▸ **EXERCISE GOAL**: What you return should match the listing exactly, minus its images.

▸ **SUPPLIED MATERIAL**:
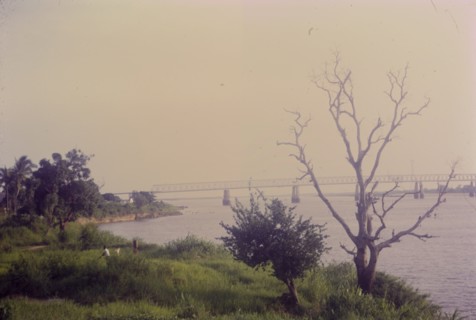 Damaged Kennedy Bridge. View of the John F. Kennedy Bridge spanning the River Niger. A section of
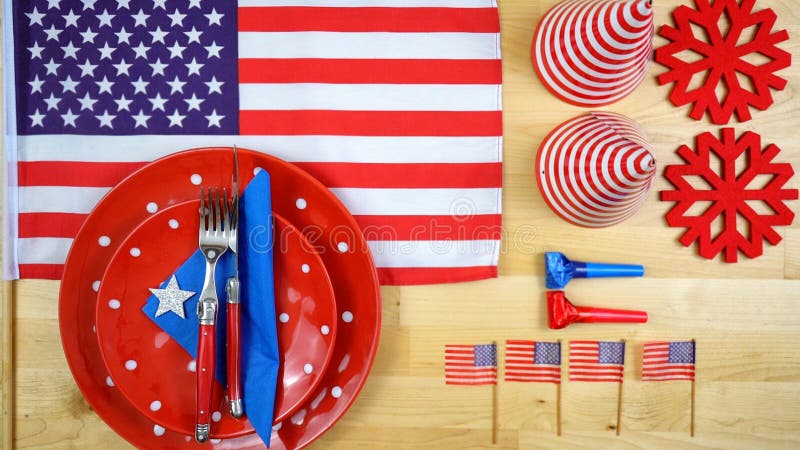 American theme party table overhead with flags, party hats, plates and cutlery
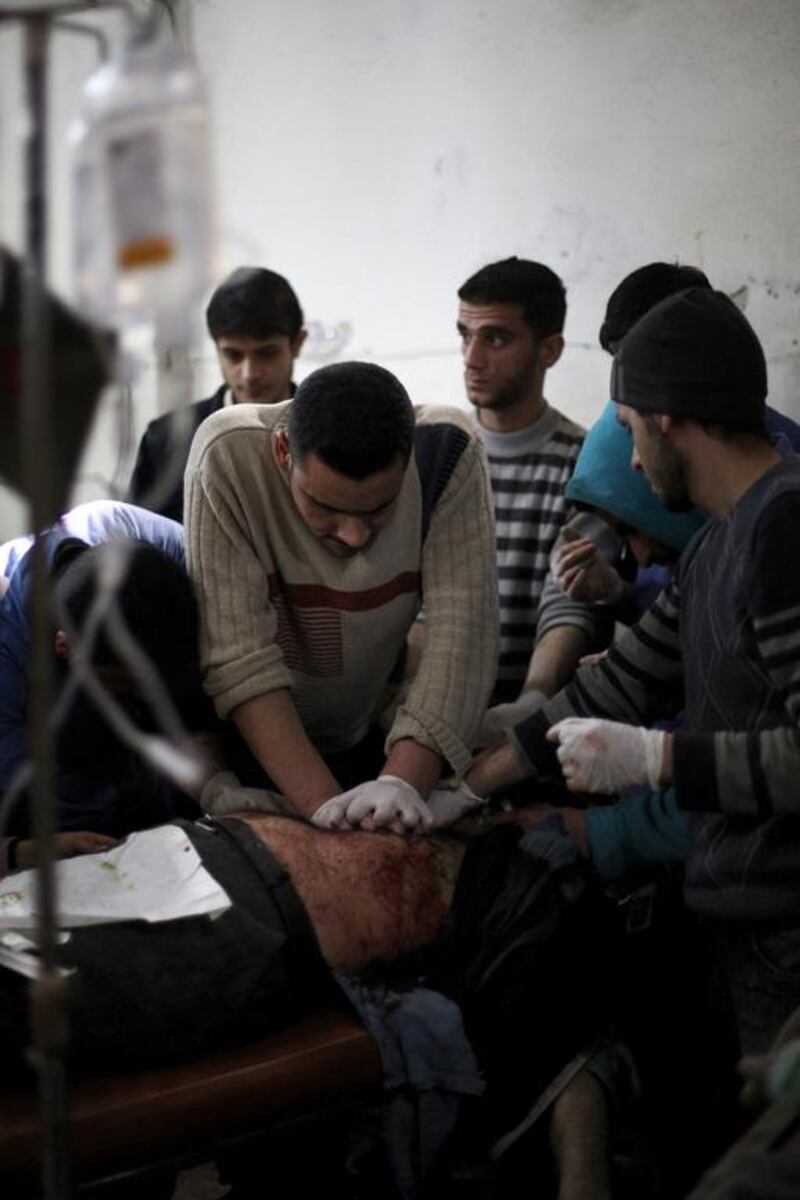 Medics try to resuscitate a man at a makeshift hospital in the rebel-held area of Douma, north-east of the capital Damascus, following reported air strikes by forces loyal to President Bashar Al Assad on February 2. Abd Doumany / AFP
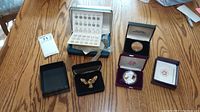 Overview shot of all four items on wooden table: presidential coin folder, bicentennial medal box, silver eagle coin box, eagle pin box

▸ **WRITTEN ANSWER**:
 Damaged Kennedy Bridge. View of the John F. Kennedy Bridge spanning the River Niger. A section of
 American theme party table overhead with flags, party hats, plates and cutlery
 Medics try to resuscitate a man at a makeshift hospital in the rebel-held area of Douma, north-east of the capital Damascus, following reported air strikes by forces loyal to President Bashar Al Assad on February 2. Abd Doumany / AFP
 Overview shot of all four items on wooden table: presidential coin folder, bicentennial medal box, silver eagle coin box, eagle pin box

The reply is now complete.